I’m wealthy enough to hire help, and I haven’t. For my mother (and Littlebro while he was single) it is preferable to have someone else handle those duties; for me, it is preferable to know that if I can’t find something it’s because I left it someplace else, not because someone decided to “put it away” in a place that makes zero sense to me. If I wanted to put up with other people’s sense of order, I’d live with my mother
By the time I’m infirm enough I need as much physical help as my mother does, the plan is to move into assisted living. It’s what Abuelita did, of her own free will; Mom’s opted instead for bemoaning her “lost independence”, when in fact she’s always been extremely dependent (I know people with disabled parking tags who are fifty times more independent).
I’d certainly pay for services; house cleaning and maintenance, gardening and landscaping, laundry, driving and car maintenance.
I love to cook so would not hire a full time chef but would love to hire someone who would take my list of meals, shop for the groceries, do some of the prep, and clean up afterwards.
The last time PowerBall had reached a jackpot worthy of headlines my boyfriend and I were working a jigsaw puzzle on the night of the drawing. We were prattling about what we’d do if we won (athough neither if us had bought a ticket that week). I mused that I would hire someone to dump new puzzles out and turn all the pieces face up.
I learned a new term from the NY Times recently: a “hundy”.
If the article is to be believed, a hundy is a family with a net worth of at least 100 million . At that point the rich (the ones with a B), start to notice them. They have enough for appearances-maybe not a private jet but they lease them when they want to, trust funds for the kids, acceptable private schools, large enough donations to the Met (don’t know whether it is the theater or the museum, perhaps both) to buy a table once a year, etc. Not in the B class, but enough to be worth associating with.

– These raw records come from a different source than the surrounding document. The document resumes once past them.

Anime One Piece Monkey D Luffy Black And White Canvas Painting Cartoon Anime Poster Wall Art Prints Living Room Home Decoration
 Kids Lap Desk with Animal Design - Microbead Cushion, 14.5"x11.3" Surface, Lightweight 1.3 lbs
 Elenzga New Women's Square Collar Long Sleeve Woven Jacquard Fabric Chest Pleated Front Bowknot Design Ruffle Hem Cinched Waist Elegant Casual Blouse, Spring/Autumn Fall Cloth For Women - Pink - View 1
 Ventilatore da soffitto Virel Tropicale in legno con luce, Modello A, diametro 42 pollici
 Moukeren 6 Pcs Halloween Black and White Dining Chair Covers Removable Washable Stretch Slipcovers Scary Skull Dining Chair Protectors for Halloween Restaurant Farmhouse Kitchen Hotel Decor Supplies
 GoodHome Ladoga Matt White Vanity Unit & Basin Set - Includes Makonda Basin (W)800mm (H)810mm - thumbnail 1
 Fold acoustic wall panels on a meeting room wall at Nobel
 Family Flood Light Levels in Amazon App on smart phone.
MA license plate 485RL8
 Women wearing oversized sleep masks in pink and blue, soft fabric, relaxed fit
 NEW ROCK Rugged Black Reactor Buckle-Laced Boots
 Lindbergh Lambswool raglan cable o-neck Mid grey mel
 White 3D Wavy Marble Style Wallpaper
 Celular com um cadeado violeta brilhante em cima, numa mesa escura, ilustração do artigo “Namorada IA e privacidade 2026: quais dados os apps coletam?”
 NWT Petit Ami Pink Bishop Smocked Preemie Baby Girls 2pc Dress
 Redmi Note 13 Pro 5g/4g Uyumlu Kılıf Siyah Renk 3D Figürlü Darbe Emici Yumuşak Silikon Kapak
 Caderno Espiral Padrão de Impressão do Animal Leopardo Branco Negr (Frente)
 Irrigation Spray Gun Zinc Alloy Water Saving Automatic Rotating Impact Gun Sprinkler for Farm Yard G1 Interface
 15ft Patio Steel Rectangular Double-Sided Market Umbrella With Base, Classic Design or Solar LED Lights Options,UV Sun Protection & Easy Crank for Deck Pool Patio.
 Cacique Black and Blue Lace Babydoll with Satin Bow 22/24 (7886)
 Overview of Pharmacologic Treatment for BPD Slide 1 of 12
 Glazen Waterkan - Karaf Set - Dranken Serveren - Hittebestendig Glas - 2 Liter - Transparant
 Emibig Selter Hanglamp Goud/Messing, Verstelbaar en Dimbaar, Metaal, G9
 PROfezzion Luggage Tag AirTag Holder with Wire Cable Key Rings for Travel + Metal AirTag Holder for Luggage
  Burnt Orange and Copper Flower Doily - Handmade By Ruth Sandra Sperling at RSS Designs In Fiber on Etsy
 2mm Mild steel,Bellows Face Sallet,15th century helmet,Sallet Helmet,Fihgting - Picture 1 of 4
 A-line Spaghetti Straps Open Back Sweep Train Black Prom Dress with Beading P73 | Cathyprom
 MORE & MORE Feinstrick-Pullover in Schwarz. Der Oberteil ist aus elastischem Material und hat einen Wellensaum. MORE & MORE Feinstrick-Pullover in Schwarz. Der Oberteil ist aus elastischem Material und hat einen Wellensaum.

Being a millionaire these days barely qualifies for upper middle class. The real threshold is the hundy!
We had a nanny for many years for the kids. Her job was to look after the kids - but when they were school age, rather than cutting her hours and pay, we asked her to handle family laundry for us. It was wonderful.
We do have a cleaning service every 2 weeks. I wouldn’t want someone there every day, but having someone there 2-3 days a week to clean different parts of the house, maybe do some of the grocery shopping, and do some basic meal prep, would be a nice thing.
I doubt we’d hire a chauffeur or whatever. We’d probably “downsize” from a house to a condo that was talking distance to things, and drive only occasionally, so that’d be crazy. We’d have the time do do most of our own paperwork and other organizing tasks.
A personal shopper: I could see contracting that out periodically. I hate shopping for clothes. Though these days I mostly live in T-shirts and jeans so it wouldn’t be an arduous job.
I have a dear cleaning lady who comes in two mornings a month. She tidies and cleans the house and irons the line-hung laundry. (Laundry that doesn’t need ironing, I take of the line myself and stuff in closets)
My gardener and handyman comes in a couple hours three times a year.
And this is the last year that my ten-year old son stays in his after school care-center from 3 to 5.30. He used to do that three days a week.
And I’m an unpaid personal shopper to two friends that hate clothes shopping, but that’s a hobby.